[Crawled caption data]
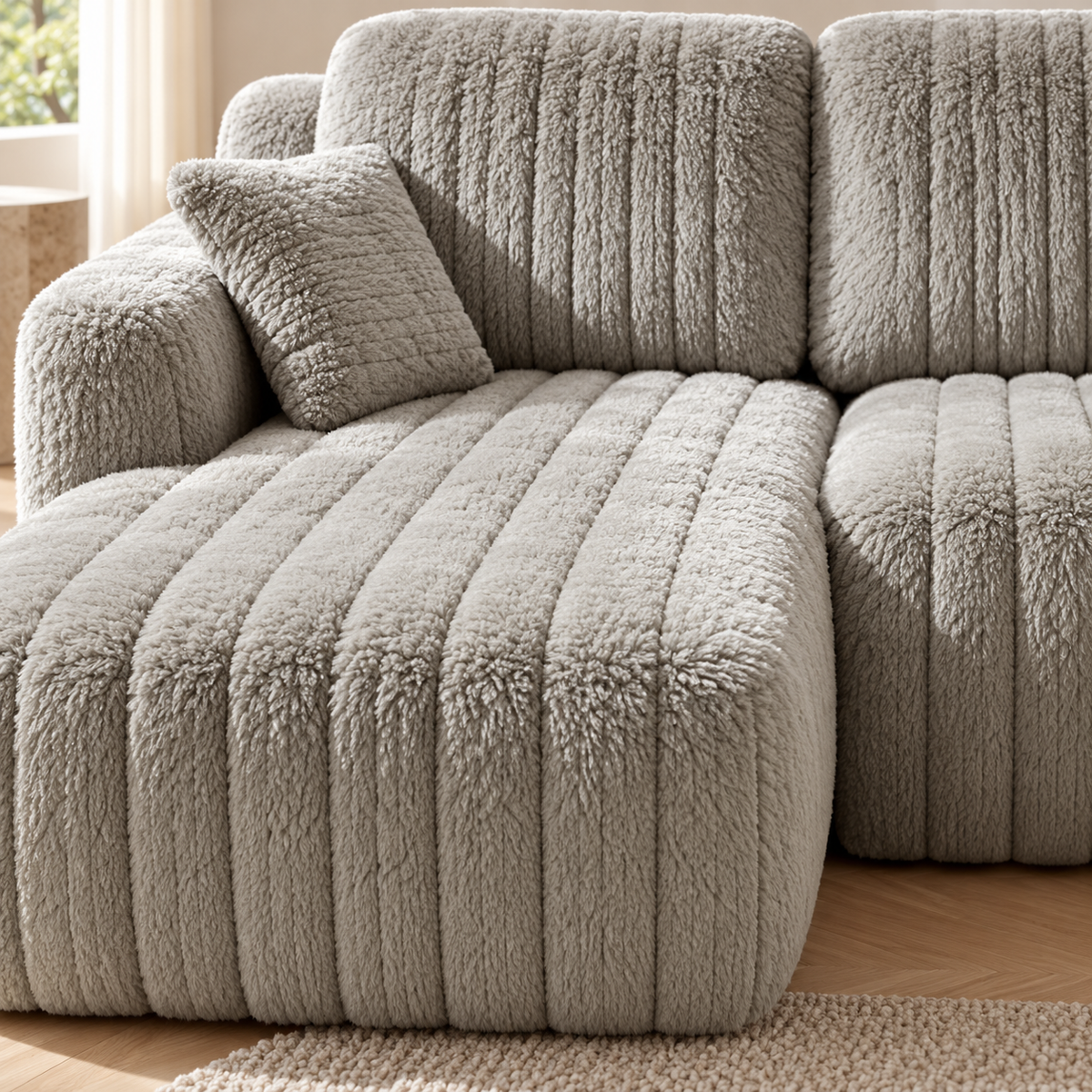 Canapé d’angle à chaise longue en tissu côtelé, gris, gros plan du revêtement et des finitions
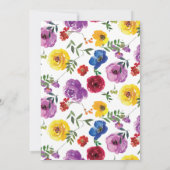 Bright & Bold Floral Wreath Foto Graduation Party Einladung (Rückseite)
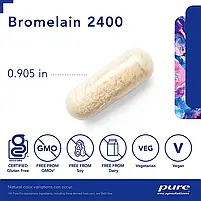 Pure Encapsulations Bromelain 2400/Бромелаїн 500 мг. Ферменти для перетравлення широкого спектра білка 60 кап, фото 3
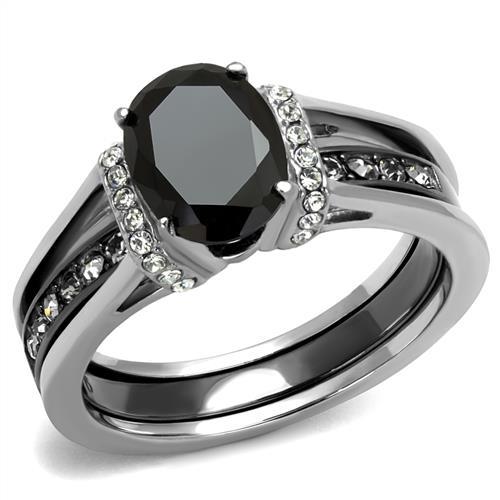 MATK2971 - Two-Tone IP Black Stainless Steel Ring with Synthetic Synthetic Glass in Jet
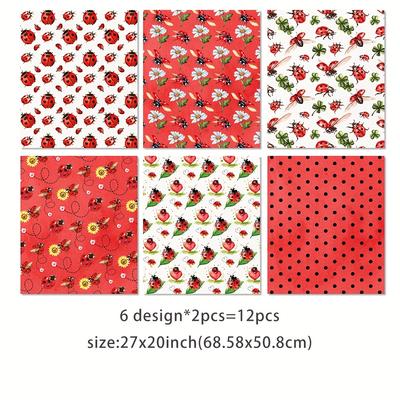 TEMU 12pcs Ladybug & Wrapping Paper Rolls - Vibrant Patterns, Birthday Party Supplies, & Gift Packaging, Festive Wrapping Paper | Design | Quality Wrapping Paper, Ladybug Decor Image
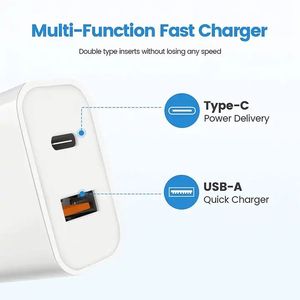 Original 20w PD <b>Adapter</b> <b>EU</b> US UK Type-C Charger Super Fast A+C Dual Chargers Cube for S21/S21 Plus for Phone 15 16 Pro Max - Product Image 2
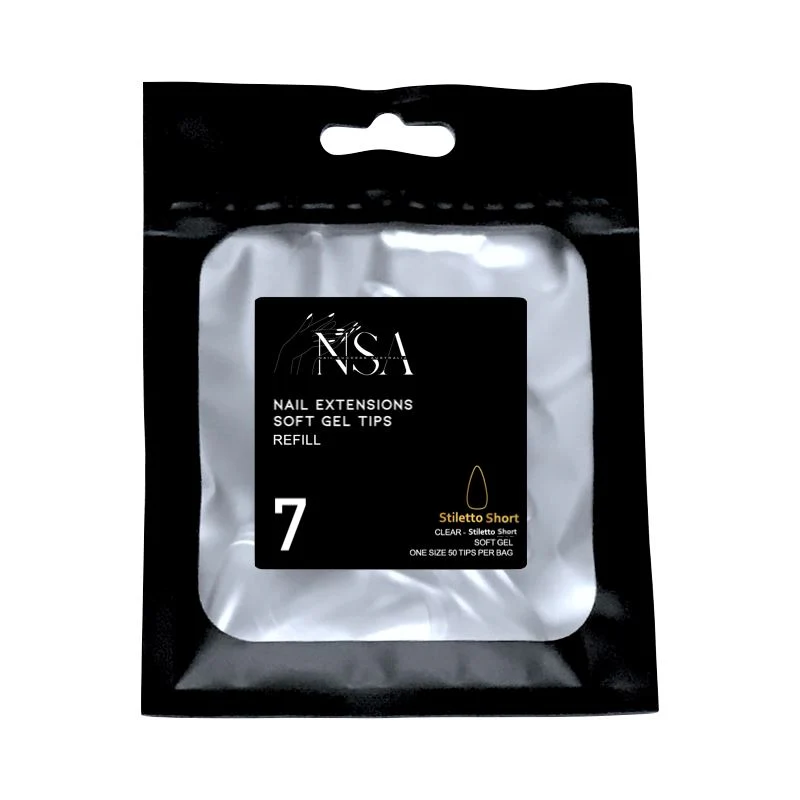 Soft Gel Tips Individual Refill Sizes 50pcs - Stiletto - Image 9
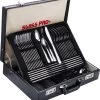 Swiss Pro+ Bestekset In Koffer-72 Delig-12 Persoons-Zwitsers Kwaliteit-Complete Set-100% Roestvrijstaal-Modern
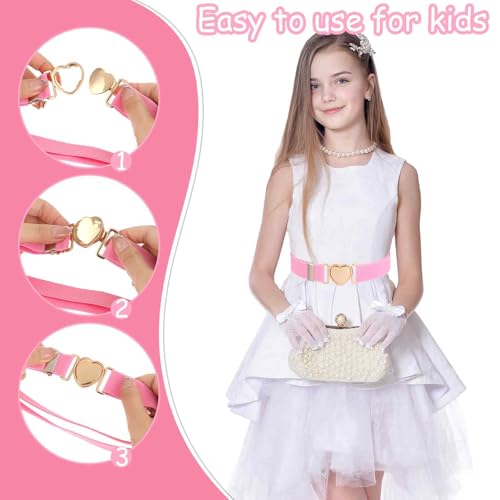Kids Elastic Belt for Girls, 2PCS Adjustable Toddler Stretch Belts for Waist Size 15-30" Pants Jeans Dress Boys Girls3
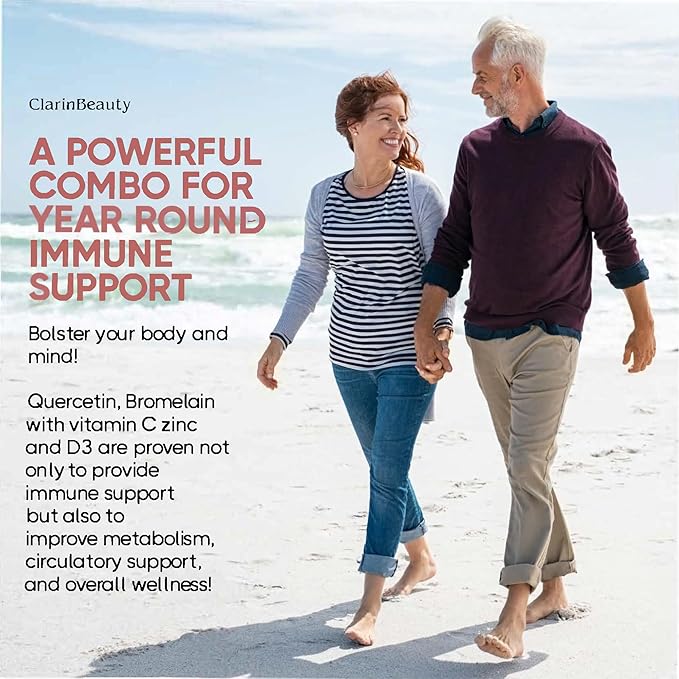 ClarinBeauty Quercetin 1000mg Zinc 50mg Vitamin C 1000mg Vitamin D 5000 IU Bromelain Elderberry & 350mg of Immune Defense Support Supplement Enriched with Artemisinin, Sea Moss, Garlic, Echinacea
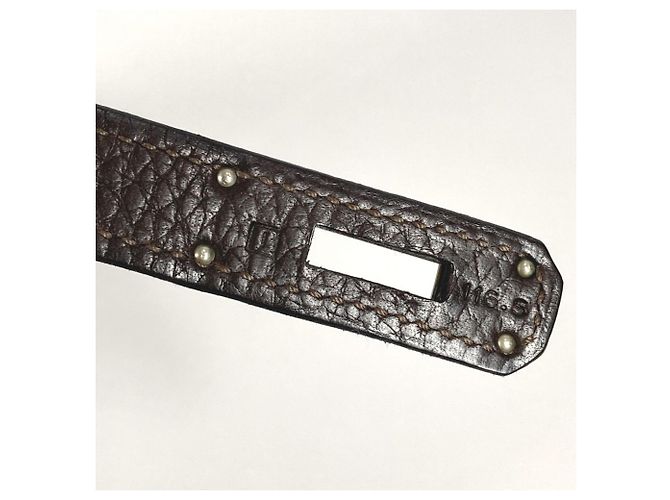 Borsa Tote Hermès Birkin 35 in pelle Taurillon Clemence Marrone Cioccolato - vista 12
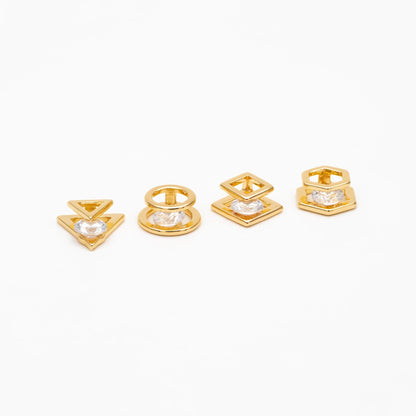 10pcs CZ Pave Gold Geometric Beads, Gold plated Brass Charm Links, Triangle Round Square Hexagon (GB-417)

Task to carry out. Please transcribe, with no additions, the lines starting at the one that contains "Original 20w PD" and running through the last line of the entries, inclusive. Leave the pictures out.

Output for this exercise.
 Original 20w PD <b>Adapter</b> <b>EU</b> US UK Type-C Charger Super Fast A+C Dual Chargers Cube for S21/S21 Plus for Phone 15 16 Pro Max - Product Image 2
 Soft Gel Tips Individual Refill Sizes 50pcs - Stiletto - Image 9
 Swiss Pro+ Bestekset In Koffer-72 Delig-12 Persoons-Zwitsers Kwaliteit-Complete Set-100% Roestvrijstaal-Modern
Kids Elastic Belt for Girls, 2PCS Adjustable Toddler Stretch Belts for Waist Size 15-30" Pants Jeans Dress Boys Girls3
 ClarinBeauty Quercetin 1000mg Zinc 50mg Vitamin C 1000mg Vitamin D 5000 IU Bromelain Elderberry & 350mg of Immune Defense Support Supplement Enriched with Artemisinin, Sea Moss, Garlic, Echinacea
 Borsa Tote Hermès Birkin 35 in pelle Taurillon Clemence Marrone Cioccolato - vista 12
 10pcs CZ Pave Gold Geometric Beads, Gold plated Brass Charm Links, Triangle Round Square Hexagon (GB-417)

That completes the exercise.